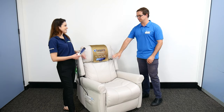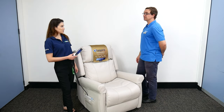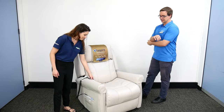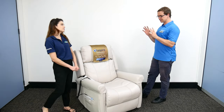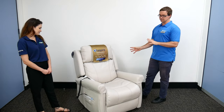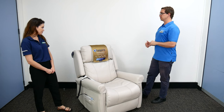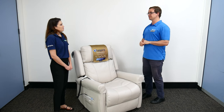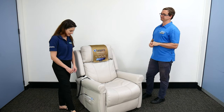The headrest moves, and there's lumbar support as well, so there's lots of movement. An OT — an occupational therapist — loves that because of the ability to customize postural support and get people really comfortable. What's a disadvantage of the four motors?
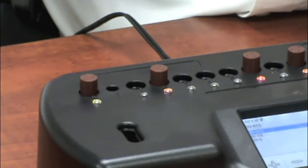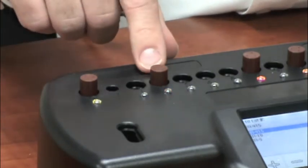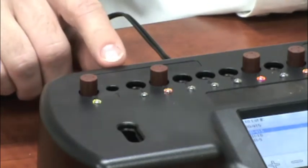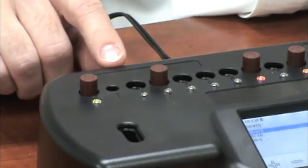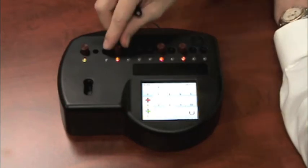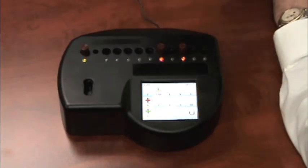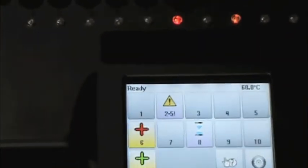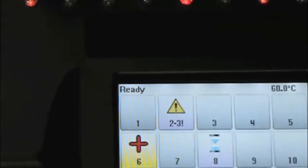When a new biological indicator is inserted into the cell, the LED on the top will blink amber, and this is to signify that the incubator is expecting the user to enter more information in the BI Insert Wizard. If a biological indicator is removed from the incubator before the test is complete, we have a 10-second countdown timer. At the end of the 10 seconds, all data from that cell will be lost. It's important to replace the biological indicator before that 10-second countdown expires.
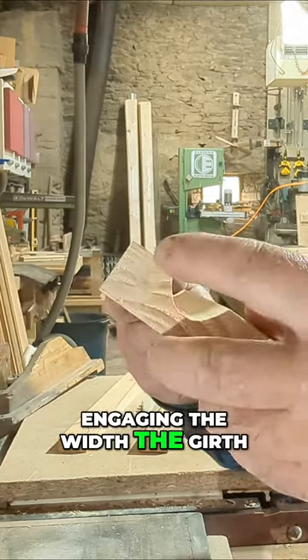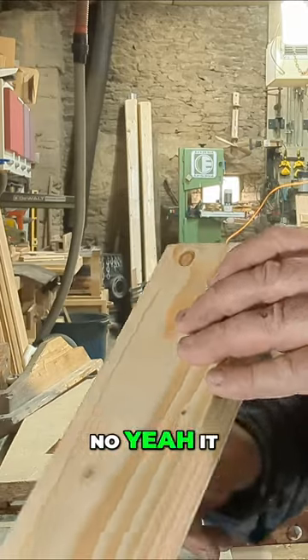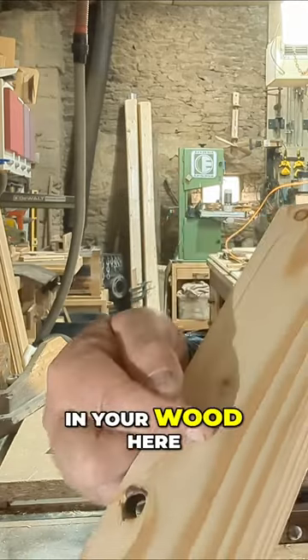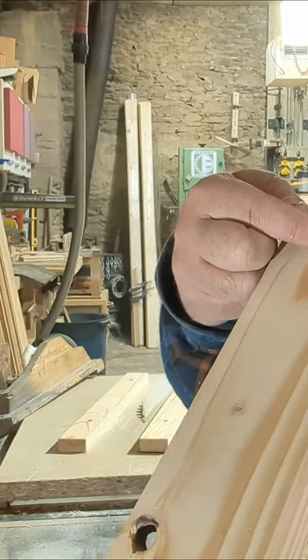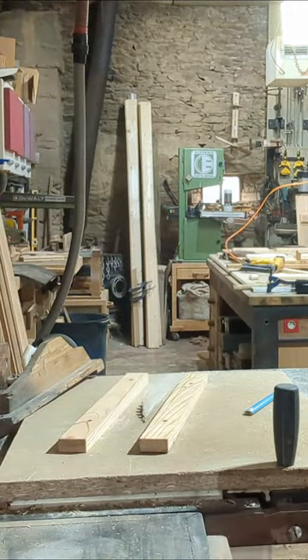But as soon as I start engaging the width — the girth — if you've got a flaw in your wood as well, let's say there's a bit of a shrinkage crack going on in the back of this ember, that becomes even more dangerous on the last pass.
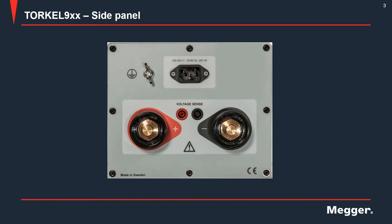This is what the side panel of the TORQL looks like. On here you have an external ground terminal provided for added safety. This is where the AC power cord goes. This is where you connect the positive and negative current cables. And finally you have binding posts for connection of voltage sense leads if you use them.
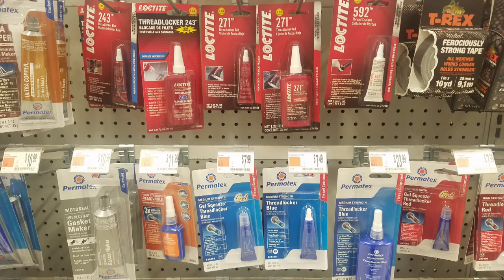When you go buy Loctite you'll only have a couple choices since stores don't carry every number — and there are hundreds of numbers even for blue, like 241, 242, 273, and many more. The most common colors are blue and red: blue being removable, red being non-removable, though that's not entirely true. The most common blue is 243, used for oily surfaces; 242 is for applications where no oil is present. Red is commonly 271. There's also Loctite 592, which is a thread sealant for NPT threads — more like a pipe dope to prevent leaking on NPT threads.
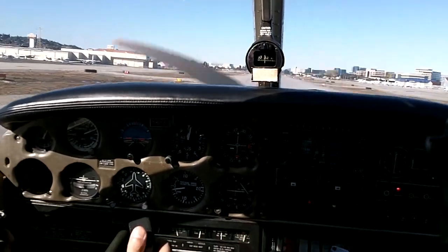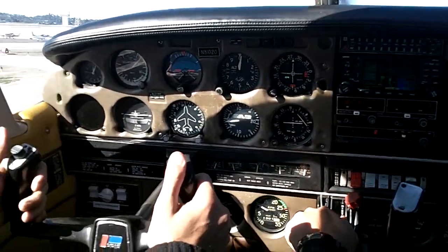Once it's touched down, I pull the nose up. Once it's set, I pull the nose up. See how it lands in the nose-up attitude like that? Oh my God.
+-------+
Give back an exact copy of only the lines from the one with "But as soon" through the final line of the material, both included. Pictures do not belong in it.

> [Answer section]:
But as soon as I start engaging the width — the girth — if you've got a flaw in your wood as well, let's say there's a bit of a shrinkage crack going on in the back of this ember, that becomes even more dangerous on the last pass.
This is what the side panel of the TORQL looks like. On here you have an external ground terminal provided for added safety. This is where the AC power cord goes. This is where you connect the positive and negative current cables. And finally you have binding posts for connection of voltage sense leads if you use them.
When you go buy Loctite you'll only have a couple choices since stores don't carry every number — and there are hundreds of numbers even for blue, like 241, 242, 273, and many more. The most common colors are blue and red: blue being removable, red being non-removable, though that's not entirely true. The most common blue is 243, used for oily surfaces; 242 is for applications where no oil is present. Red is commonly 271. There's also Loctite 592, which is a thread sealant for NPT threads — more like a pipe dope to prevent leaking on NPT threads.
Once it's touched down, I pull the nose up. Once it's set, I pull the nose up. See how it lands in the nose-up attitude like that? Oh my God.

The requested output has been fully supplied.